This isn't it though for the layout editors. There's one more feature implemented with the Custom layout Editor, and that's the ability to couple the Composer with it to create joystick files, graphically. The way this works is that you first of all display with the Custom Layout Editor, textboxes for each hat and button, surrounding the joystick and throttle images. You then fill these with templates that come with Foxy or ones you've created, so that each text box contains blank statements for the appropriate hat and button.
Then with the composer, you just get busy double clicking on the macros that you want inserted beside all these statements, and they appear beside each hat and button. Effectively, it's like having Foxy's Editor all broken up into individual chunks, and placed in the right position beside each hat and button.

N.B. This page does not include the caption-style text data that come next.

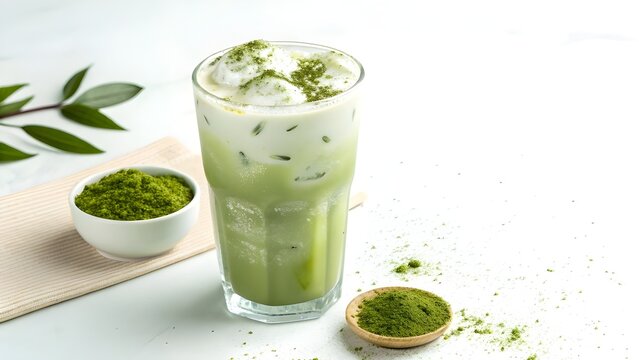 Refreshing iced matcha latte with milk foam and green tea powder on white background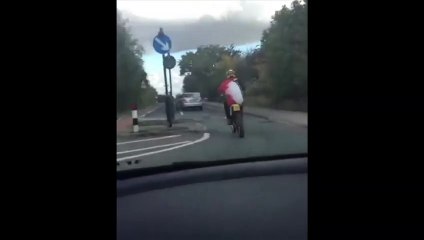 Motorbike flipping his bike over on Stradbroke Road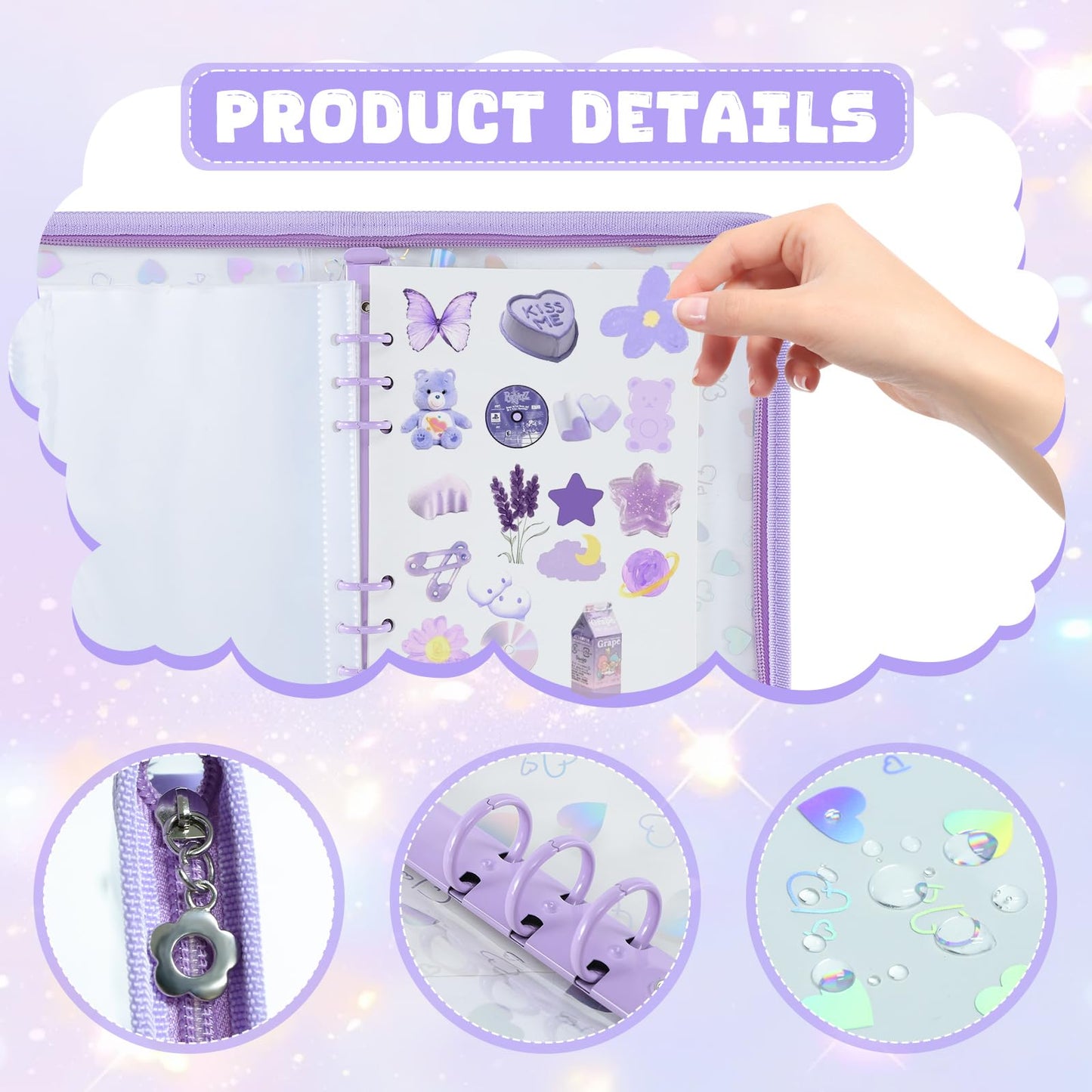 Sticker Storage Organizer Binder A5 Sticker Zipper Photocard Binder Holder Collecting Book Organizing Trading Card Album Holder with Blank Reusable Release Paper Purple(Heart)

The beauty of programming like this is that you can see immediately where all your macros are going to be placed. So, if you tend to program so that you program all the /D position macros first, then now you can do so. You just select the /D line for a particular hat/button, double click the macro in the Composer that you want there, and there it appears. When you're done, you just tell Foxy to create joystick file from the layout, and it does just that, with the joystick file transferred over to Foxy's main Editor for you to add any finishing touches to it.
It's pretty difficult for me to impress upon you just how superb these layout editors are - but I hope I've given you an idea that what we're dealing with here is something us Thrustmaster users have never had before. The use of the layout editors is brilliantly illustrated with the tutorials on the CD, so nobody will have any problems in learning how to use them effectively.
What else is on the CD?
You've probably realised by now that Fox Two Pro impresses the hell out of me, and it's damned cheap for what you're getting. But it's ridiculously priced when you consider just what else is on the CD. James really has put together a CD that has everything you'll ever need on it. We're talking about 148Mb of goodies here. So here's what else is on it:
- Mystic's Six Degrees of Freedom: Mystic has worked closely with James, particularly with Fox One, and was one of the principle beta testers for the Pro version. For those of you who don't know who Mystic is, he hosts one of the most popular Thrustmaster sites on the net, with a large array of files for Thrustmaster users to use with the latest sims. He's created a special version of his site for inclusion with Fox Two Pro, and this is a blessing in disguise for many users, as on the CD, you have excellent, tried and tested files, ready to use straight away with your sims, combined with custom made graphical layouts that you can display and print off to help you learn these files.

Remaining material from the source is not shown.